Nonetheless, simply defining “hybridity” as combining cultures does not really explain what this keyword entails in the context of the readings. Hence, as a basis for furthering understanding, it is relevant to explain why understanding cultural hybridity is necessary, or at least important. Based on the readings, Profeta claims that “Ralph’s examinations of racial and cultural allegiances always hit up against how our conceptions of identity are at once deeply meaningful and deeply inadequate, and instances of hybridity served well to underline both instances” (171). In this context, the existence of hybridity within the context of identity formation and conceptualizations serves as a platform that emphasizes our tendency to “deeply” over-complicate or over-simplify an individual’s identity. I would argue that, in most times, there is a tendency to over-simplify identities due to our inability to comprehend hybrids of multiple identities, and how they can be intertwined, hence complementing (or even contradicting) other identities that are still part of the individual. By comprehending the interplay between hybridity and identity, one becomes then able to understand how identities are fluid and always changing, merging, mixing, and replacing.
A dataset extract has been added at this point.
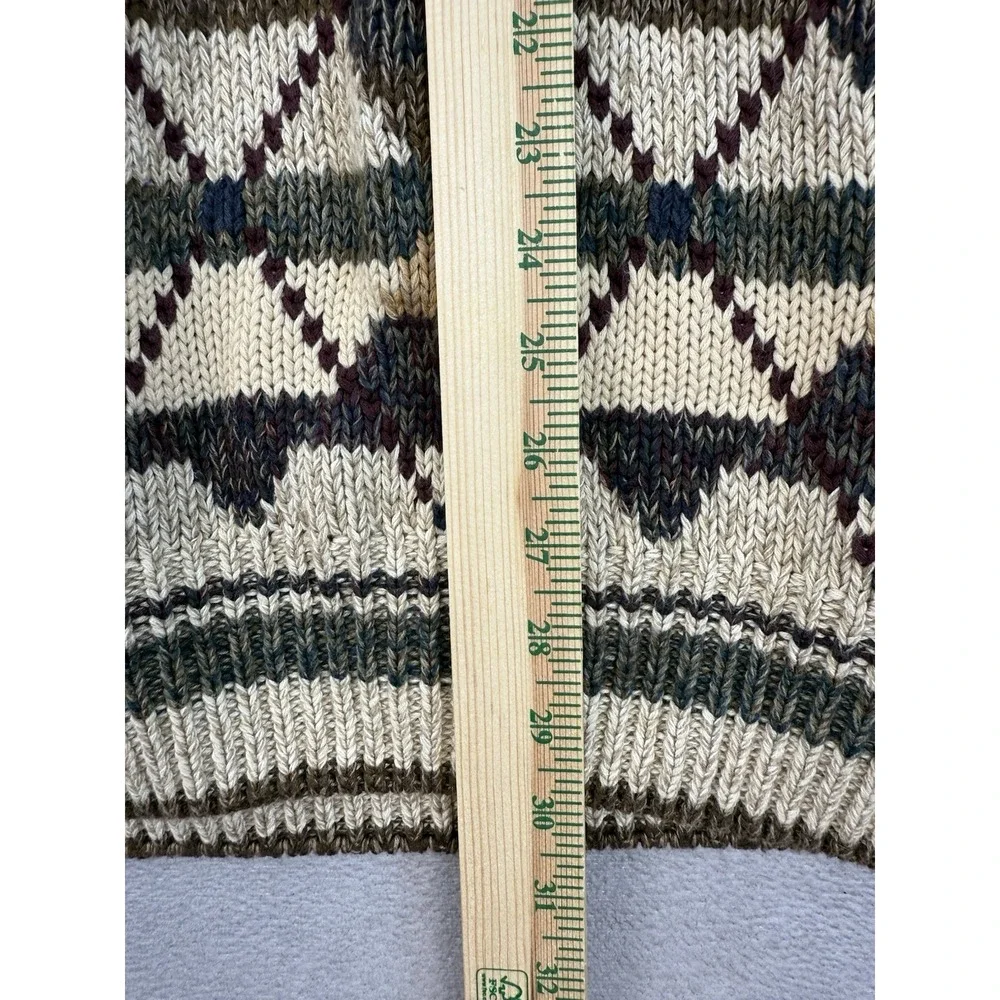 Vintage‎ Gant Hand Intarsia Argyle Pattern Knitted Grandpa Sweater Men's Sz XL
The lack of understanding of how identities can be fluid has led to many problems throughout history, and this is why the word hybridity is so useful and interesting to me. I came to this realization after reading the book In The Name of Identity: Violence and The Need to Belong, written by Amin Maalouf. Throughout his book, he argues that the very superficial way we perceive identity has led to persecutions, conflicts, wars and genocides. Therefore, I think that enhancing the understanding of what hybridity means in the context of identity is crucial so that people are able to better comprehend how complex identities are and, hence, become more tolerant towards ‘the other.’
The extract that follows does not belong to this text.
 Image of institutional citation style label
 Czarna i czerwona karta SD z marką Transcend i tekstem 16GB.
Hybridity "Revolvy." Accessed 8 Jan 2018. https://www.revolvy.com/main/index.php?s=Hybridity. Profeta, Katherine. "Interculturalism" Dramaturgy in Motion: At Work on Dance and Movement Performance. 168-209. USA: The University of Wisconsin, 2015.
Hi Rodrigo,
Please italicize book titles! Hybridity is a complicated notion and always, the danger is that it is oversimplifed and doesn’t make the influences legible to other in an intercultural encounter. But we are all hybrids, porous, mixed and touched by different contacts. However, Ralph Lemon himself made some assumptions that people are often hybrid in the same way or, more specifically, that they want to use their hybridity toward the same end. But I come back to the negotiations with the West African dancers, who viewed their dance as a spiritual practice — and not concert dance as Ralph practices the art. Ralph couldn’t recognize dance itself and how it functioned on a spiritual and communal plane for the dancers. So while hybridity is most often thought of in terms of race, here dance itself became a hybrid form that operated on different registers in the intercultural encounter — but Ralph couldn’t recognize that. Hybridity has to be unpacked it seems and it only happens through misrecognitions and renegotiations.